Handlers API
The Handlers API is a powerful API that permits the stream processing of RDF and SPARQL Results. It can be used in virtually any part of the API that works with RDF or SPARQL results.
The API is designed to facilitate stream processing of the data, that is that handlers get the data as soon as it is available and they control whether processing continues or terminates. Handlers implement either the IRdfHandler
or the ISparqlResultsHandler
interface in order to do this, please note that there is no reason a custom implementation cannot implement both but for ease of implementation and abstraction purposes our implementations do one or the other.

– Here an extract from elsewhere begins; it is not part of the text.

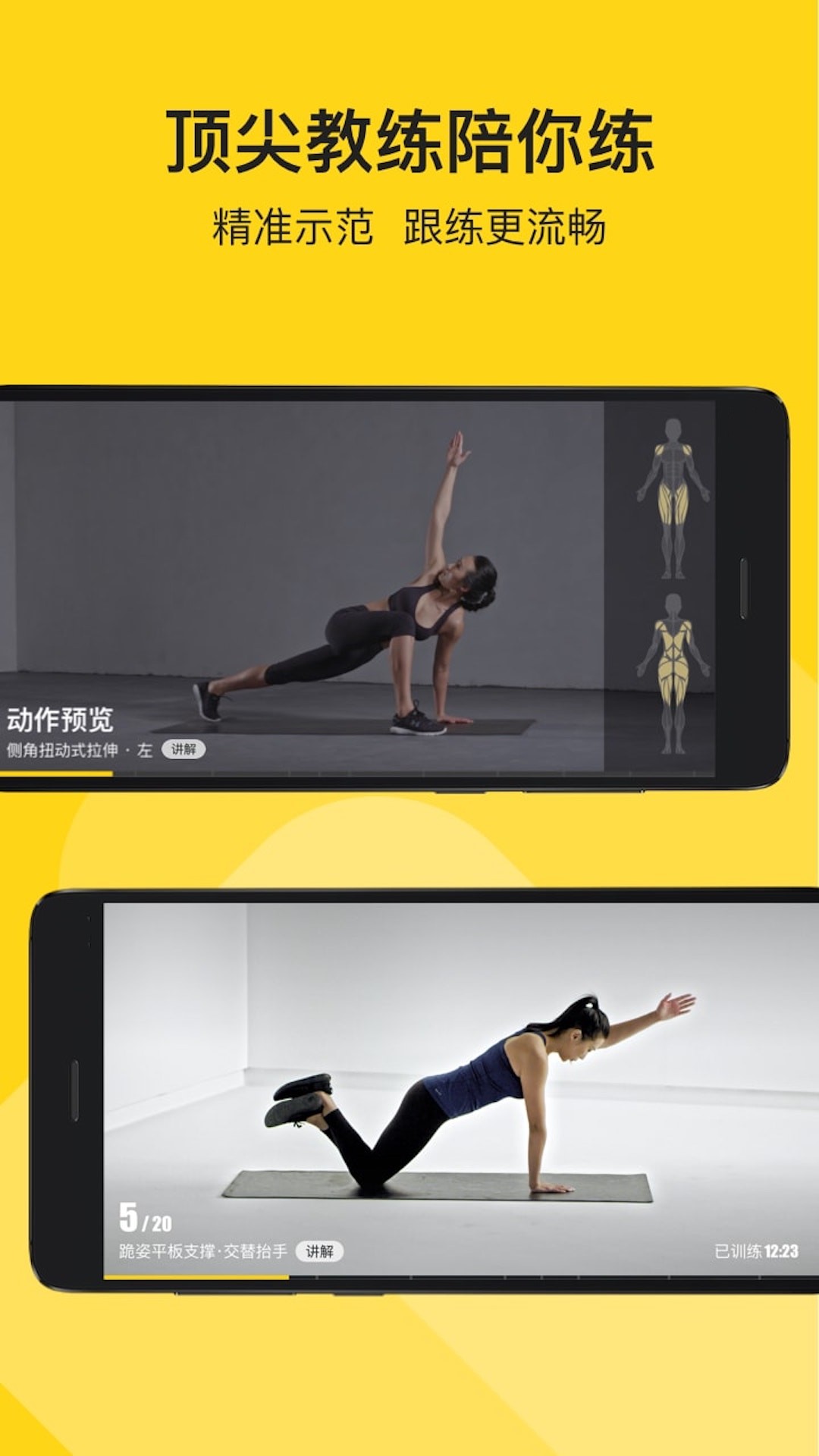 精彩截图-Fit健身2026官方新版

One thing to note is that both handler interfaces descend from the INodeFactory
interface which is a large interface that if implemented incorrectly may lead to serious issues. Therefore we'd typically recommend extending either of BaseRdfHandler
or BaseResultsHandler
. If you are an advanced developer you may wish to extend their parent class BaseHandler
instead which will allow you complete control over how you implement the rest of the handler interface while still giving you the INodeFactory
implementation.
Note
While the handlers API allows you to read RDF in a fully streaming fashion this does not mean that memory usage won't steadily increase over time due to various internal state that a parser has to keep during the parsing process. You may also need to either disable the URI Interning feature of the default Node Factory, or create a separate scoped Node Factory for each separate parsing run if you wish to stream parse very large data files.
The IRdfHandler Interface
So let's start by looking at the methods of the IRdfHandler
interface:
StartRdf()
This is called when processing starts, this is typically used to take any initialisation actions and should be used to ensure that a handler is not being used in multiple places at once.
Again please note that there is no reason why you cannot write a handler that can be used in multiple places simultaneously it's just that for most of our own implementations this would lead to unexpected results.

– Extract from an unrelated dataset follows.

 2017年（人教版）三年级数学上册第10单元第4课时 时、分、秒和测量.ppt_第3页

HandleBaseUri(Uri baseUri)
This is called whenever the Base URI is altered by the data being processed, in most cases there is no need to do anything in this method other than return true
to indicate that parsing should continue.
HandleNamespace(String prefix, Uri namespaceUri)

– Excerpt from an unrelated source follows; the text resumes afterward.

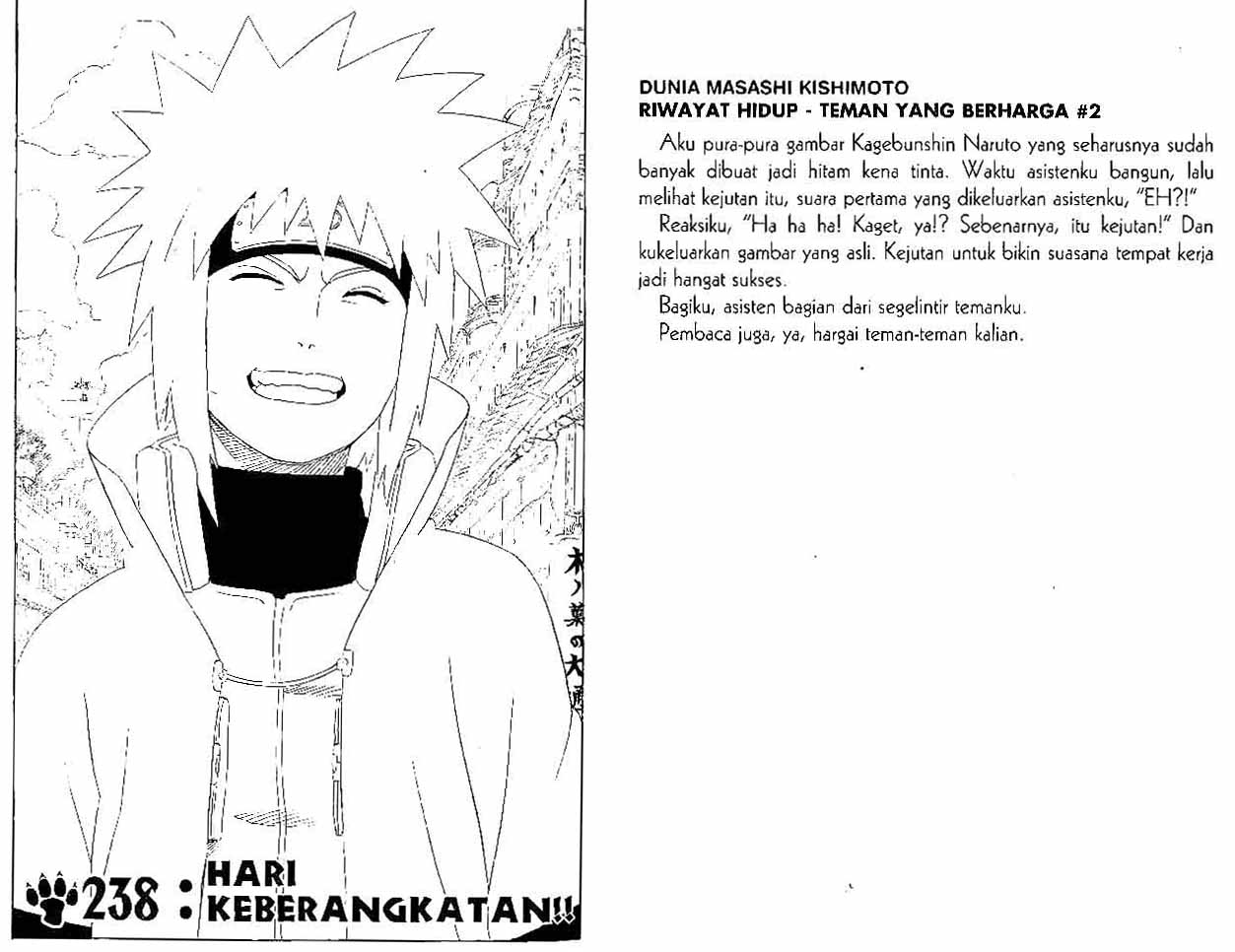 Read Naruto (ID) Manga Online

This is called whenever a Namespace declaration is encountered, again in mosts cases there is no need to do anything in this method other than return true
to indicate that parsing should continue.
HandleTriple(Triple t)
This is the method which is probably of interest to most people as this is where you actually receive the RDF triples for processing. If the data source from which you are handling triples is actually providing quads then the GraphUri
property of the triples will be non-null.
In this method you can implement whatever logic you wish regarding triples and then either return true
to indicate that processing should continue or false
to indicate processing should terminate.
EndRdf(bool ok)
This is the method that is called when processing completes, either because the end of the data was reached or because one of your handlers methods indicated that processing should terminate. The boolean parameter indicates whether the parsing completed/terminated without error or whether an error was encountered.
Depending on your implementation you may wish to take different clean up actions if an error occurred as opposed to normal parsing completion.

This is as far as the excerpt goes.